Cheney also convinced Bush that Iraq’s oil should be a source of concern and an additional reason to neutralize Hussein. He convinced Bush that the country’s proven reserves gave the Iraqi president the means to fund terrorist activi
ties around the world. Furthermore, oil wealth equipped Hussein with the resources to do harm to US economic security. At any time, Cheney argued, Hussein could use Iraq’s oil to apply pressure on international markets and, by extension, on the US economy. There was no immediate evidence that Hussein was planning such an act, but Cheney believed it was possible, and he urged Bush to act.
The cooling of the relationship between Bush and Cheney was not all Cheney’s fault. Bush’s working style made him an easy target for the kind of hyperbolic advice that Cheney and others were adept at providing. As a self-styled man of action, Bush appreciated the argument that, in the wake of 9/11, the world had to see that Americans would not permit such horrific acts to go unpunished. Cheney, and particularly CIA Director George Tenet, argued that someone had to pay. Given Hussein’s aggressive past behavior, he was a compelling target.
Bush also resonated to the argument that, visually, Iraq was a more attractive target than other countries that harbored terrorists. Unlike Afghanistan or Somalia, Cheney argued, Iraq possessed imposing physical structures that would present a striking image on American TV screens.
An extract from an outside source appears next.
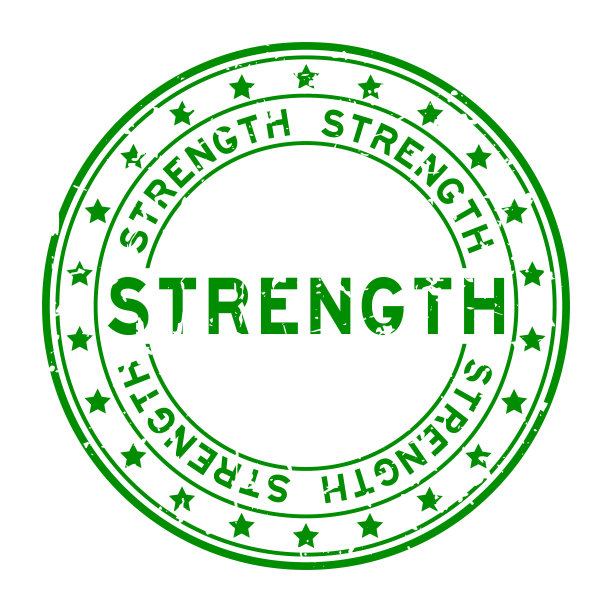 Grunge绿色强度字圆形橡胶印章印章上的白色背景图片下载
Why send American pilots to flatten sand castles in Somalia, when the high-rises of Baghdad awaited just over the horizon?
Such arguments had weight with Bush when the hostilities were in the early days or while the war was going well, but as conditions on the ground worsened and bodies of American soldiers began streaming into Dover Air Force Base, Bush’s reservations about Cheney’s advice multiplied. By the beginning of his second term, as he drew closer to the end of his time in office, Bush started to consider his legacy. Did he really want to be remembered as the president who mired the nation in a decade-long war, bankrupted the country or isolated the American people from allies abroad? All of these scenarios were starting to look possible. Bush decided to change course, and, as a consequence, his relationship with Cheney changed.